Among horse-related injuries, fractures have been reported mainly following falling accidents [1]. Peel et al. [13] reported a case of fracture of the forearm bones following a horse bite that was treated with open reduction and internal fixation primarily. The patient sustained repeated infections with purulent wound discharge, from which mixed cultures of bacteria, including Staphylococcus aureus, Prevotella melaninogenica, Escherichia coli, and Pasteurella multocida, were isolated. More than 3 months after the initial attack by the horse, Actinobacillus suis was isolated by bone biopsy specimen.

The occurrence of bacterial infection after animal bites depends on several factors, such as the species of the animal aggressor (humans being associated with a higher risk of infection), the type and site of the injuries (wounds located on the hands have a higher infection risk), the care given to the wound, and factors inherent to the individual (greater risk in elderly, those with diabetes mellitus, vascular disease, etc). In relation to the type of wound, puncture wounds have been reported to have a higher infection rate after animal bites, possibly due to the deposition of bacteria deep into the skin [14]. There is evidence that use of prophylactic antibiotics after horse bites reduces infection [5, 15, 16].

The presented case constitutes a clear example of both high severity of injury and postoperative complications. The horse bite caused laceration of the brachial artery, and the brachial and basilic vein, consequently leading to major blood loss and hemorrhagic shock. Limb ischemia, massive destruction of soft tissue of arm and forearm, and infection in postoperative period, accompanied by prior hemorrhagic shock, led to renal failure and hemodialysis. Both occurrences were identified as limb- and life-threatening to the patient.

The treatment of the patient included the use of autologous vein graft for vascular reconstruction and thorough care for the injured wound, with frequent debridement and necrectomies. Together with intravenous antibiotics and several hemodialysis sessions, the treatment led to patient recovery. Furthermore, reconstructive plastic surgery helped the appearance of the arm to return to a near-normal state.

Conclusions

Horse bites may cause severe injury to soft tissues and bones due to the strong force applied in the closing jaws of horses. The severity of these injuries can also be aggravated by the heavy load of different pathogenic bacteria in the secretion from the mouth of the horse and extensive destruction of soft tissues and ischemia. In certain cases, the combination of these negative factors can lead to severe infection and sepsis, therefore resulting in failure of kidney and other organs.

To prevent these complications, treatment of horse bite injuries requires extensive debridement of the wound, prompt revascularization, and broad-spectrum intravenous antibiotics. Prophylaxis against tetanus and rabies should also be provided. Only after the local and general condition of the patient become stable should plastic reconstructive surgery be provided. In case of extensive tissue loss and sepsis, hemodialysis may be required.

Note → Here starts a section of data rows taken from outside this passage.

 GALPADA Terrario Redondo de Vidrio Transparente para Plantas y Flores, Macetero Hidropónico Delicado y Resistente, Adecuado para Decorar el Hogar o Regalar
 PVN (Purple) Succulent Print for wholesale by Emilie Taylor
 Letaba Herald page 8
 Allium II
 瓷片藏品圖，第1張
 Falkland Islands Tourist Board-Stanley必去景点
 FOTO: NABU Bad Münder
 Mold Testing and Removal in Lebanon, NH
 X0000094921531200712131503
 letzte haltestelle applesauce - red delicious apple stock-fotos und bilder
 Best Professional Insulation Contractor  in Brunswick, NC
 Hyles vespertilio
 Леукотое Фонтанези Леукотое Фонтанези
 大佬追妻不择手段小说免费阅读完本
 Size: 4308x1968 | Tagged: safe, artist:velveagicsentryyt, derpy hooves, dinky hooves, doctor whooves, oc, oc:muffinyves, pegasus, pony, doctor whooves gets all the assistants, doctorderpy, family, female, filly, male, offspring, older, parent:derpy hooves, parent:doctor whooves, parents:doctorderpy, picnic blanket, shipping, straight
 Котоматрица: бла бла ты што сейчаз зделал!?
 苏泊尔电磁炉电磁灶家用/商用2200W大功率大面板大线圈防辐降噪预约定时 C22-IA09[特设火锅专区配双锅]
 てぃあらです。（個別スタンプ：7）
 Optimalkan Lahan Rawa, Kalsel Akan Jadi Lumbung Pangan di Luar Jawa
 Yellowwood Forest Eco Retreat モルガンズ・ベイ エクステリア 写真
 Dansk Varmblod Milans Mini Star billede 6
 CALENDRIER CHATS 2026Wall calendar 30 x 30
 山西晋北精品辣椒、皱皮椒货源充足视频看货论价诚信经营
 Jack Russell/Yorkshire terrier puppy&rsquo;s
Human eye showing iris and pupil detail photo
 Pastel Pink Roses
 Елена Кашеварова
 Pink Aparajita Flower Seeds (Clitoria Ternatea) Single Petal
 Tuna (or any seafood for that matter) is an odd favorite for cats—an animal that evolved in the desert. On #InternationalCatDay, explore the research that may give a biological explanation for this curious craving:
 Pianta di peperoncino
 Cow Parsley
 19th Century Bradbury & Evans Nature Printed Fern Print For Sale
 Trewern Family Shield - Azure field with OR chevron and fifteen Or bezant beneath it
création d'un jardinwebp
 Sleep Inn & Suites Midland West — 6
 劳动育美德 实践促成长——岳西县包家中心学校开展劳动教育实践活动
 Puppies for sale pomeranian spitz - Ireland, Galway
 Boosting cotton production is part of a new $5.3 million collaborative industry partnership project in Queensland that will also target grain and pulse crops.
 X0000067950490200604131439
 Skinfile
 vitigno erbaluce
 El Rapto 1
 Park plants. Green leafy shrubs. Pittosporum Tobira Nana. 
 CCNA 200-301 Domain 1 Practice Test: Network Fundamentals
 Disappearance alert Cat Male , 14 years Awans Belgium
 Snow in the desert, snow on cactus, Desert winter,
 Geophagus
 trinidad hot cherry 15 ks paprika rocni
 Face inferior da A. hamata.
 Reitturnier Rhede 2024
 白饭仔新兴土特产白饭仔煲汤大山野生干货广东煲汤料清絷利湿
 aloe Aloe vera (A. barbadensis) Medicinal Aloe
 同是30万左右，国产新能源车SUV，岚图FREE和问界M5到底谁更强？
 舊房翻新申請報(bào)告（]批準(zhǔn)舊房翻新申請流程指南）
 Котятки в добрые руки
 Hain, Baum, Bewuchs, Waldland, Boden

The composition of the team of physicians needed for treatment varies depending on the degree of injury as well as eventual complications. In the presented case, emergency department physicians, vascular and plastic surgeons, intensive care specialists, nephrologists, and infective care specialists were involved. In different instances, inclusion of other specialists may be necessary to save and functionalize the limbs of the patient, or save his/her life.